It's the most memorable image from Super Bowl 50, the ball trickling around on the ground, Cam Newton standing over it but for some reason electing not to dive.

The Newton fumble, one of two caused by Broncos pass rusher Von Miller, wound up being recovered by Broncos safety T.J. Ward at the Panthers' 4-yard line with just over four minutes left in the game. That set up a game-sealing touchdown run by Denver running back C.J. Anderson, followed by a two-point conversion to give the Broncos a 24-10 lead.

Replays appeared to show Newton giving up on the play instead of diving for the loose ball, an act which did not go unnoticed by members of the Broncos defense.

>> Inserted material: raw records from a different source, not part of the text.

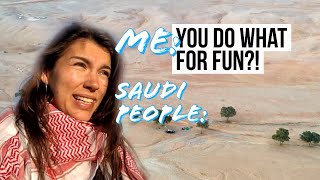 THIS IS WHAT YOUNG SAUDI PEOPLE DO FOR FUN + Basic Arabic Communication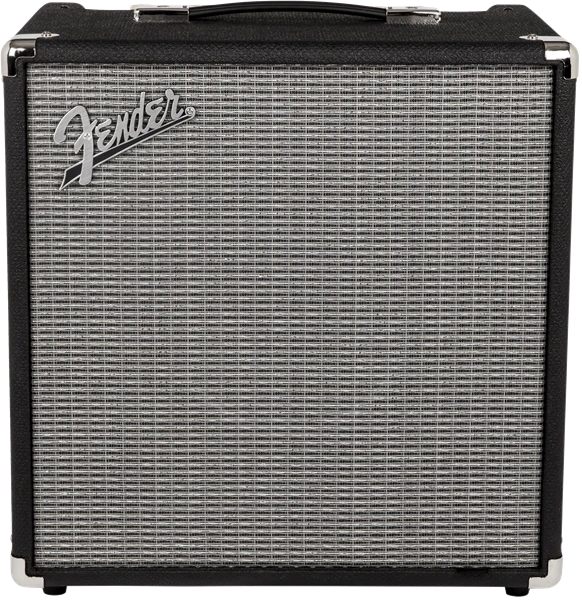 Fender® Rumble™ 40 (V3), 230V EUR, Black/Silver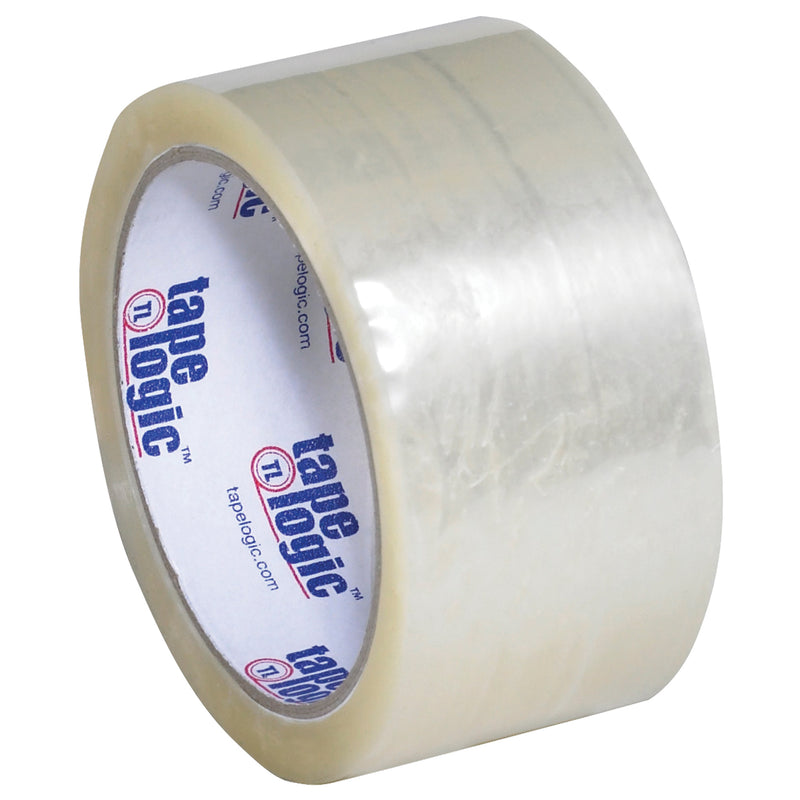 2" x 55 yds. Clear (6 Pack) TAPE LOGIC® #700 Hot Melt Tape (T9017006PK) Case Of 6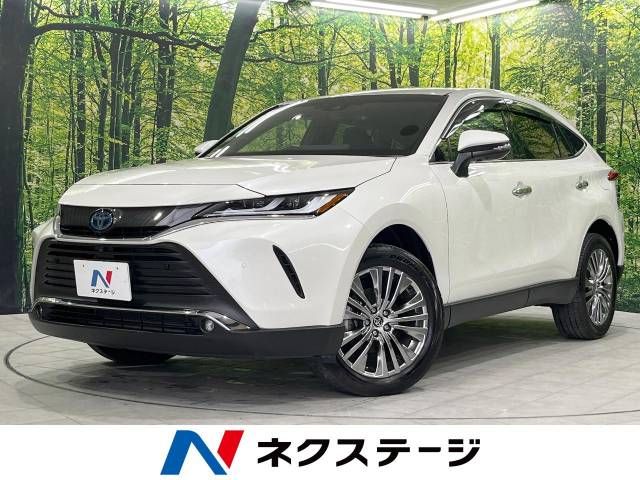 TOYOTA HARRIER HYBRID 2020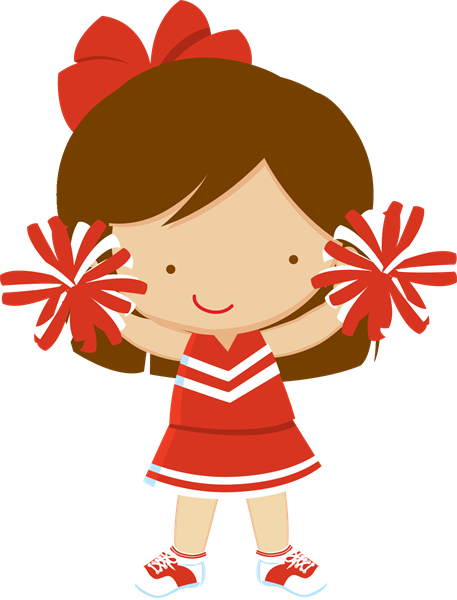 Animaatio Child Drawing Clip Art - Cheerleader Silhouette Png Download 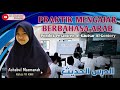 Praktek mengajar hadits  amaliyah tadris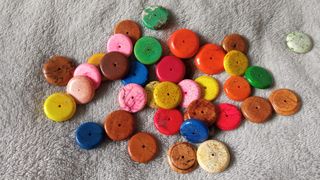 Cuentas abalorios para collares pulseras.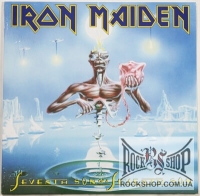 Iron Maiden - Seventh Son Of A Seventh Son (Sealed) (LP)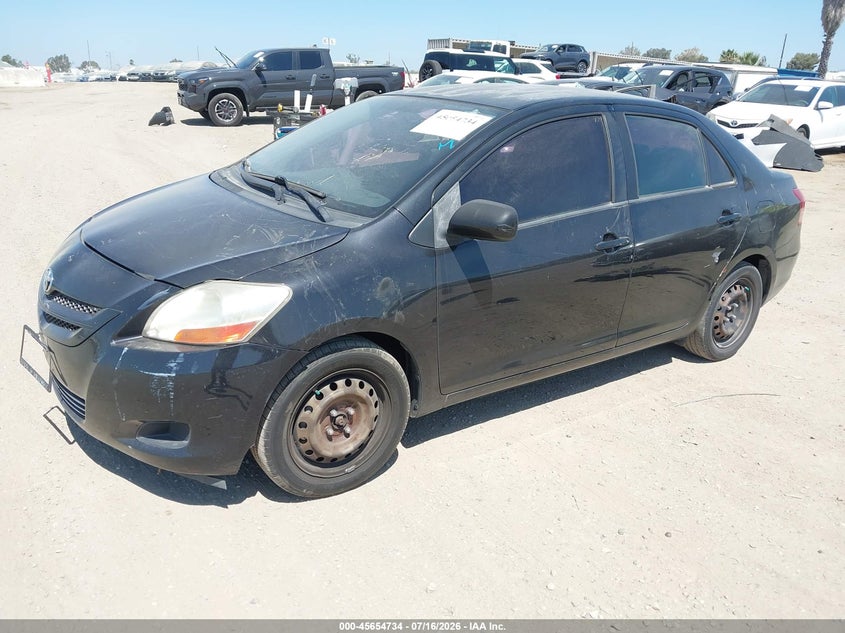 2009 Toyota Yaris JTDBT903391332018 photo 1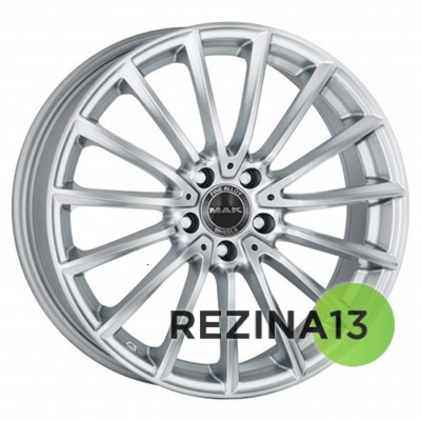 Mak Komet 7,5x17 5x112 ET36 DIA66,6 (silver)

"I don't know, maybe he needed to stay healthy for next year," Ward said. Other NFL players, such as Seattle Seahawks defensive lineman Frank Clark, criticized Newton on social media, as well.

Newton didn't discuss the play -- or much of anything -- during the postgame press conference and has since been accused of quitting on his team by many fans and analysts.

The Panthers, however, stuck up for Newton.

On Monday, Panthers head coach Ron Rivera and center Ryan Kalil both attempted to dispel that notion.

"Cam's not the quitting type," Kalil said in a phone interview with the Charlotte Observer. "So, this idea or this notion that he quit on us is garbage. I think it's absolute garbage. That's not who he is."

Rivera echoed Kalil's statement, and attempted to explain what Newton was trying to do.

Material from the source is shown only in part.